Currently, a particularly intense focus of discussion is the proposed EU Directive on the Patentability of Computer-Implemented Inventions, also known as the "CII Directive" or the "Software Patent Directive", which is scheduled to return to the EU Parliament in 2005.
Law
Substantive law regarding the patentability of software and computer-implemented inventions, and case law interpreting the legal provisions, are different under different jurisdictions.
The national jurisdictions relating to software patents in Europe and in the European Union are not harmonised, even though all EU states are members of the European Patent Convention. Detailed interpretation of the substantive law still varies to some extent from state to state.
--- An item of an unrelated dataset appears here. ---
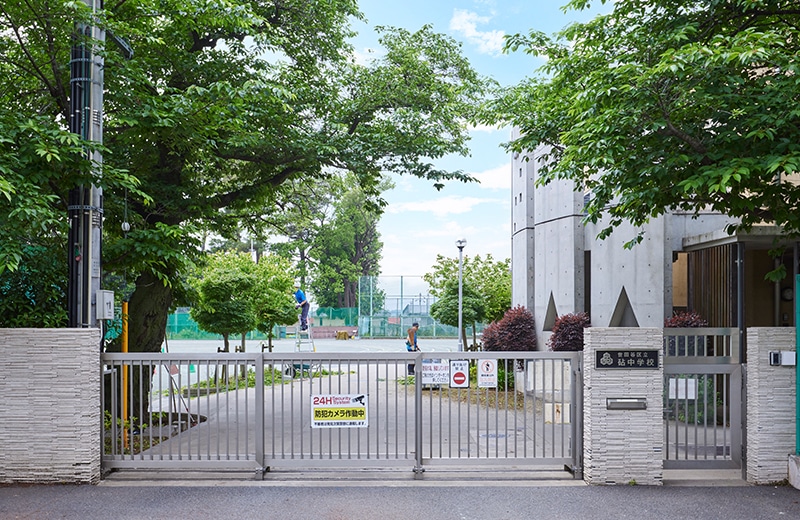 
ひなたの森保育園 徒歩3分(約180m)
Harmonisation of these differences was one reason that the EU Commission proposed a Directive on the Patentability of Computer-Implemented Inventions, the terms of which have become a cock-pit of debate as to what should and what should not be patentable.
Software patents under multilateral treaties:
- Software patents under TRIPs Agreement
- Software patents under Patent Cooperation Treaty
- Software patents under the European Patent Convention
Software patents under national laws:
- Software patents under US patent law
- Software patents under UK patent law
- Software patents under German patent law
Definitions
It is fair to say that different people often mean very different things when they refer to "software patents", and that individual views on the rights and wrongs of "software patentabilty" may vary considerably depending on what definition of the term is used.
Software patent
There is no universally accepted definition of the expression "software patent" and no legal text defines what exactly is a software patent and what it is not.
Computer-implemented invention
For a broad definition, software patent is sometimes taken to categorise any patented invention which could be fully specified by the code of a computer program operating particular known conventional hardware.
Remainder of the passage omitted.